The 2025 snapshot
Line-by-line (%)
| Race | 2010 | 2015 | 2020 | 2021 | 2022 | 2023 | 2024 | 2025 |
|---|---|---|---|---|---|---|---|---|
| White/Non-Hispanic | 53 | 47 | 40 | 35 | 40 | 37 | 37 | 38 |
| Black | 4 | 8 | 10 | 9 | 9 | 8 | 8 | 4 |
| Hispanic/Latino | 17 | 27 | 35 | 37 | 26 | 35 | 38 | 26 |
| Asian | 19 | 27 | 29 | 27 | 29 | 28 | 30 | 17 |
Reading the 'Improvement?' title
Black share unchanged across 15 years
This is the single most damning chart in the deck. 4% in 2010, 4% in 2025 — despite 15 years of agent training, DEI initiatives, and public-facing commitments.

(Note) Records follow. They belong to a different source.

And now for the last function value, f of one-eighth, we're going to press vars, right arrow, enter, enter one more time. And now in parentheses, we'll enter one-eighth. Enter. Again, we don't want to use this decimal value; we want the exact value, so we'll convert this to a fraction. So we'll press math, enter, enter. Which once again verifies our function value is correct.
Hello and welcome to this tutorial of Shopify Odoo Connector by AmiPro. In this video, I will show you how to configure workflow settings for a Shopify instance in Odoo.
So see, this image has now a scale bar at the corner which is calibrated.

White share declining 15 pts
Demographic replacement is happening at market entry — White share dropped from 53% to 38%. But it's not being backfilled by Black buyers; the replacement is happening in the Hispanic and Asian columns.

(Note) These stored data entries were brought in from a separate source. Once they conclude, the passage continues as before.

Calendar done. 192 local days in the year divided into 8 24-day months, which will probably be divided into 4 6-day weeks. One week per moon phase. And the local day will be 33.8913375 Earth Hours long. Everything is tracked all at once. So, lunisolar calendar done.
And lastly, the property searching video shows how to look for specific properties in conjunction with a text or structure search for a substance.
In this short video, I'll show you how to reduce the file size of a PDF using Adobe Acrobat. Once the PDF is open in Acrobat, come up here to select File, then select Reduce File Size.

Hispanic and Asian volatility
Responsive to market, interest rates, immigration policy. Big year-over-year swings (Hispanic 38→26, Asian 30→17 between 2024 and 2025) show these groups absorb macro shocks at the point of entry.
The 'Improvement?' title is pointed
Oscar is asking whether this counts as improvement. The chart title's question mark is doing the rhetorical work — the data is not.
Fifteen years of Fair Housing Day, ACT Plan, Fairhaven, bias training, DEI initiatives — Black first-time buyers in California are at the same 4% share they held in 2010. The title's question mark is doing all the work.